Task objective: In the records that follow, find the line with "Art Deco wave"; from there, retype every line exactly through the line with "INC International Concepts", which also belongs to the answer.

Dataset records:
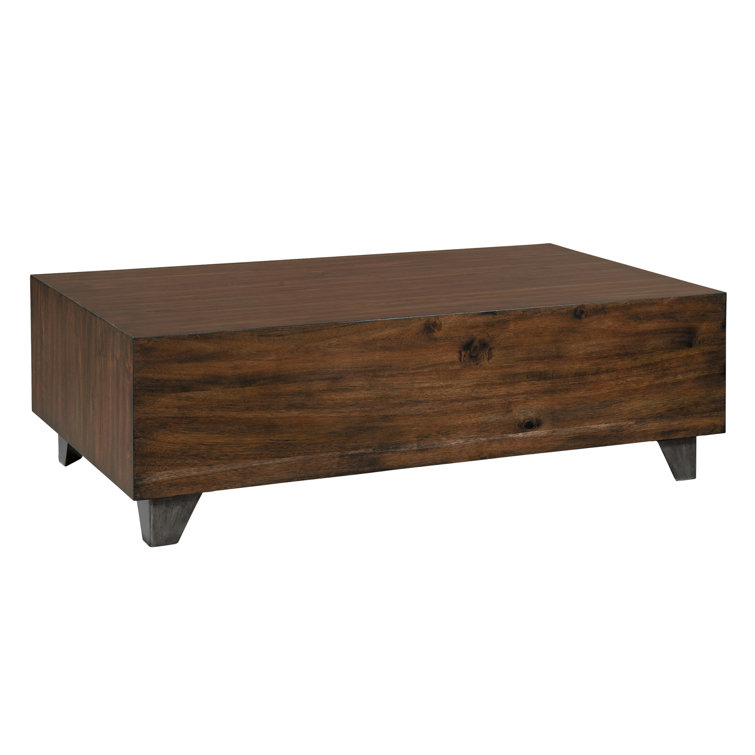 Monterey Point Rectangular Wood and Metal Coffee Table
==
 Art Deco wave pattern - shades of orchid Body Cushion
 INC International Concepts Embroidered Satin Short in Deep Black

Your solution:
 Art Deco wave pattern - shades of orchid Body Cushion
 INC International Concepts Embroidered Satin Short in Deep Black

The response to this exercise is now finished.